The swath of a Starlink satellite appears in this image of the Andromeda galaxy taken by the Zwicky Transient Facility, or ZTF, during twilight on May 19, 2021.
Caltech/ZTF
This week, SpaceX is set to launch its 2,000th Starlink satellite In three years. While not all flying routers are still in orbit, the researchers say the growing constellation’s impact on certain astronomical observations is clear.
“In 2019, 0.5% of twilight images were affected and now almost 20% are affected,” Przemek Mróz, a former Caltech researcher who is now at the University of Warsaw in Poland, said in a statement. It is important to note, however, that further research on the images was based on observations from just one instrument among many around the world and in space, the Zwicky Transient Facility at the Palomar Observatory near San Diego.

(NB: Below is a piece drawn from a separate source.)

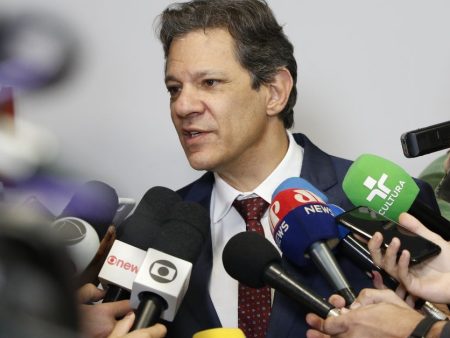 Haddad Announces Brazil Will Shut Down Hundreds of Betting Sites as Regulations Tighten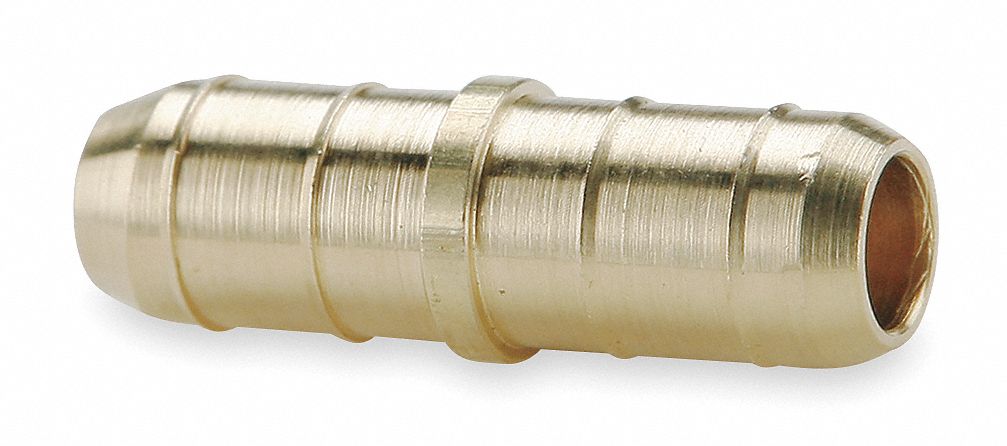 Union Brass Barbed11/64 Barbed11/64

The table-sized satellites appear as straight lines in an image of the night sky when ZTF exposures capture a Starlink moving along its orbital path. The bands tend to show up more in observations taken near dawn and dusk, because that’s when satellites are at their highest reflectivity levels due to the geometry of the Earth and the sun at those times.
“We don’t expect Starlink satellites to affect non-twilight images, but if the constellation of satellites from other companies enters higher orbits, it could cause problems for non-twilight observations,” Mróz said.

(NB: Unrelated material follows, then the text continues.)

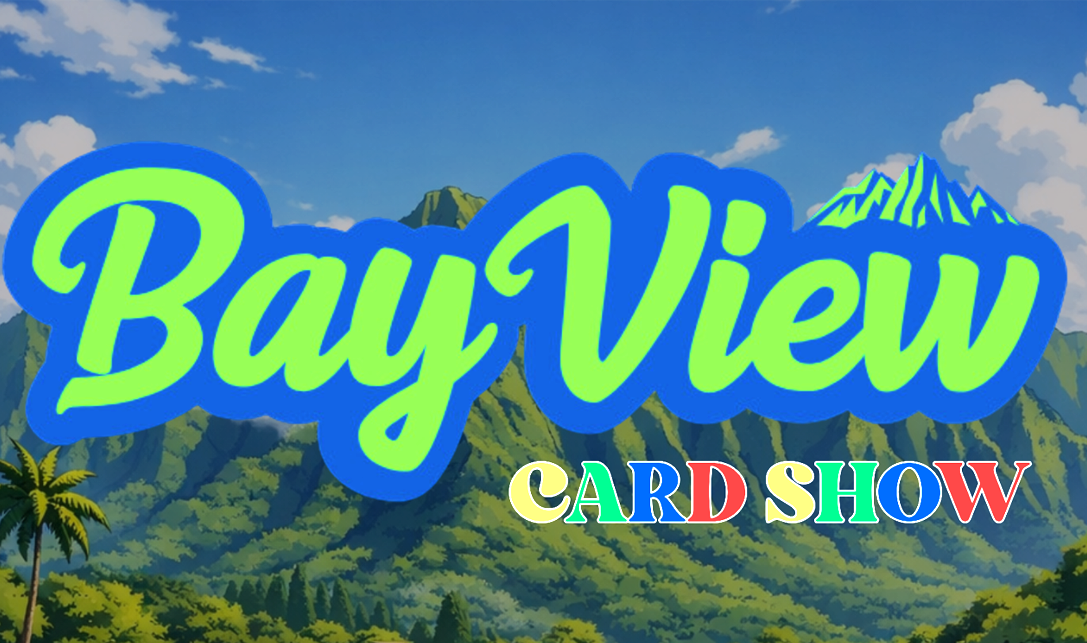 Bayview Night Market and Card Show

Mróz is the lead author of a study published Monday in The Astrophysical Journal Letters that analyzed images from the ZTF. The instrument is designed to scan the entire night sky every two days, looking for cosmic objects that change in some way over time, such as supernovae or even near-Earth asteroids.
We found that twilight observations are particularly affected: a fraction of striped images increased from less than 0.5% in late 2019 to 18% in August 2021. After SpaceX deploys 10,000 Starlinks, essentially all ZTF images taken during the twilight may be affected. pic.twitter.com/5f8tKaSHlk
— Przemek Mróz (@przemroz) January 17, 2022
The team found that as Starlink’s footprint in low Earth orbit grew from 2019, the number of bands seen in images over a 10-day period grew to over 200 by mid-2021.
The study appears to confirm the fears of several astronomers after the famous Starlink “trains” began appearing in the night sky almost immediately after the first batch of satellites launched in 2019. But study co-author Tom Prince, professor emeritus of physics at Caltech , notes that a Starlink strip affects less than one-tenth of one percent of the pixels per image.
“There’s a small chance that we’ll miss an asteroid or other event hidden behind a string of satellites, but compared to the impact of weather, like a cloudy sky, these are pretty small effects for the ZTF.”
Prince is optimistic that the software can help mitigate the problems through coordination between astronomers and SpaceX, something Elon Musk and the company have also suggested. The software can also reduce or mask the impact of streaks on images after the fact.
SpaceX did not immediately respond to a request for comment, but the company has taken steps to reduce the reflectivity of the satellites, equipping each with a “visor” to reduce glare.
The study also looked at the effectiveness of the viewfinders and found that they significantly reduced glare, although they fell short of the standards for satellite constellations described by the astronomical community in 2020.
However, upcoming next-generation sky surveys such as the Vera C. Rubin Observatory in Chile are expected to be more adversely affected, and SpaceX has signaled that it may increase its Starlink constellation by up to 20 times its current size or most.